(Saved entries)
BEGIN

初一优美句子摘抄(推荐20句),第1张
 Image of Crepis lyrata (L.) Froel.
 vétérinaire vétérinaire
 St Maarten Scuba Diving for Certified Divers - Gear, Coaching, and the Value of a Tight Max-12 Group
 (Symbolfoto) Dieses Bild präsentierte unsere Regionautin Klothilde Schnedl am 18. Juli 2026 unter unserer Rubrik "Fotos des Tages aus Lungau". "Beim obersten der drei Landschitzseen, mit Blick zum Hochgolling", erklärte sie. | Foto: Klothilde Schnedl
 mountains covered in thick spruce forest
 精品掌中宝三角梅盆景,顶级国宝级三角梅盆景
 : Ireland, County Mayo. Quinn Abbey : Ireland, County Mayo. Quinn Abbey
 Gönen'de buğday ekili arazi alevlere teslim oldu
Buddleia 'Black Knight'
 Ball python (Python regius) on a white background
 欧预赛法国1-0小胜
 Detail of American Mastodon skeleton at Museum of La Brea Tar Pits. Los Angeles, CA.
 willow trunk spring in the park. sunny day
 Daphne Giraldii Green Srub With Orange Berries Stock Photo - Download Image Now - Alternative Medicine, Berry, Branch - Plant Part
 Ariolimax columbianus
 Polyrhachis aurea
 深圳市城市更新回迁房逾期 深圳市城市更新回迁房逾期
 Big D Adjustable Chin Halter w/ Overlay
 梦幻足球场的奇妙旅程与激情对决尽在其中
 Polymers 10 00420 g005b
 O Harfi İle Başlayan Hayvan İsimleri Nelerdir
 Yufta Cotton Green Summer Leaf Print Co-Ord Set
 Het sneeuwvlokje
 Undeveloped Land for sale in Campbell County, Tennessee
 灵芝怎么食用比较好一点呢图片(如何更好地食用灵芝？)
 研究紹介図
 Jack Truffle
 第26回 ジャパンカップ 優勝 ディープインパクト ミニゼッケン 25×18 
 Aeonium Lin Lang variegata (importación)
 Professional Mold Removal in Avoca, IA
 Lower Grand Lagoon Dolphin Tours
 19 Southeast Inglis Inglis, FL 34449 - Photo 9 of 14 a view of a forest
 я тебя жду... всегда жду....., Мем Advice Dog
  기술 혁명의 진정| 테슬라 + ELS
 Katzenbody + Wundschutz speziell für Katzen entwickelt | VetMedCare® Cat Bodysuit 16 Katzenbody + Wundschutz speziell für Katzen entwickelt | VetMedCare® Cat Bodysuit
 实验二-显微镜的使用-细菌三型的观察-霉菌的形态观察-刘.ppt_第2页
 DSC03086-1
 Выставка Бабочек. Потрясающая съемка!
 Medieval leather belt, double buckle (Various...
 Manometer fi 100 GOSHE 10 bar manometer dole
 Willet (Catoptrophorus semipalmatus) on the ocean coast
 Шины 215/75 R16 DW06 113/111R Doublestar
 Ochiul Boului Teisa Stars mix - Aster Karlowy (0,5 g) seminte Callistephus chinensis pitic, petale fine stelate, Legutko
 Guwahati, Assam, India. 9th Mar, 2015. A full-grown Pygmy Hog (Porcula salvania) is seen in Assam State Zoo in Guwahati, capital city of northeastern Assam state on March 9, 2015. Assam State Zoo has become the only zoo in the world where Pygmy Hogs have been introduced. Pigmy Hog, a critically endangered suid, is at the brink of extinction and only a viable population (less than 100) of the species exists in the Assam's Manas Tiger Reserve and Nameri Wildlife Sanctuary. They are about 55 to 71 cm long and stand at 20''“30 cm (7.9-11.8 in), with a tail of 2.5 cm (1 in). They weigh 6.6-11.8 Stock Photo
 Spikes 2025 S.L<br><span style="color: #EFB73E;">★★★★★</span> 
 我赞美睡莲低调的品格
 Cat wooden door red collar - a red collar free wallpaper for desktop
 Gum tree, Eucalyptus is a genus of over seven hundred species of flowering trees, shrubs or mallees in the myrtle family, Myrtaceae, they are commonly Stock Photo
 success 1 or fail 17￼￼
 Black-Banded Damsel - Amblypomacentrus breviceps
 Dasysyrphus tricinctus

END

● **PROBLEM DETAILS**
Could you find every line in the records above that contains the word "County" and copy it?

● **ANSWER**
 : Ireland, County Mayo. Quinn Abbey : Ireland, County Mayo. Quinn Abbey
 Undeveloped Land for sale in Campbell County, Tennessee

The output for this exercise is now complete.